### INSTRUCTIONS FOR THE TASK
Retype all of the material exactly, leaving no line out.

### GIVEN DATA

-=-=-

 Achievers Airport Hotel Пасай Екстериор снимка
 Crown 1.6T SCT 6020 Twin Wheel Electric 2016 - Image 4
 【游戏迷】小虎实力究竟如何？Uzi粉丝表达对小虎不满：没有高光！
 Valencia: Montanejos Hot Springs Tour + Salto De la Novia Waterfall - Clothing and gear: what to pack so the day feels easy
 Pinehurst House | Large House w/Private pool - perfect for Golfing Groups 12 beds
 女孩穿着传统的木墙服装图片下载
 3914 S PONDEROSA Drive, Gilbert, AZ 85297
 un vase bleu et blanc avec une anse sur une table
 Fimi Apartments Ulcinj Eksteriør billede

-=-=-

### REPLY
 Achievers Airport Hotel Пасай Екстериор снимка
 Crown 1.6T SCT 6020 Twin Wheel Electric 2016 - Image 4
 【游戏迷】小虎实力究竟如何？Uzi粉丝表达对小虎不满：没有高光！
 Valencia: Montanejos Hot Springs Tour + Salto De la Novia Waterfall - Clothing and gear: what to pack so the day feels easy
 Pinehurst House | Large House w/Private pool - perfect for Golfing Groups 12 beds
 女孩穿着传统的木墙服装图片下载
 3914 S PONDEROSA Drive, Gilbert, AZ 85297
 un vase bleu et blanc avec une anse sur une table
 Fimi Apartments Ulcinj Eksteriør billede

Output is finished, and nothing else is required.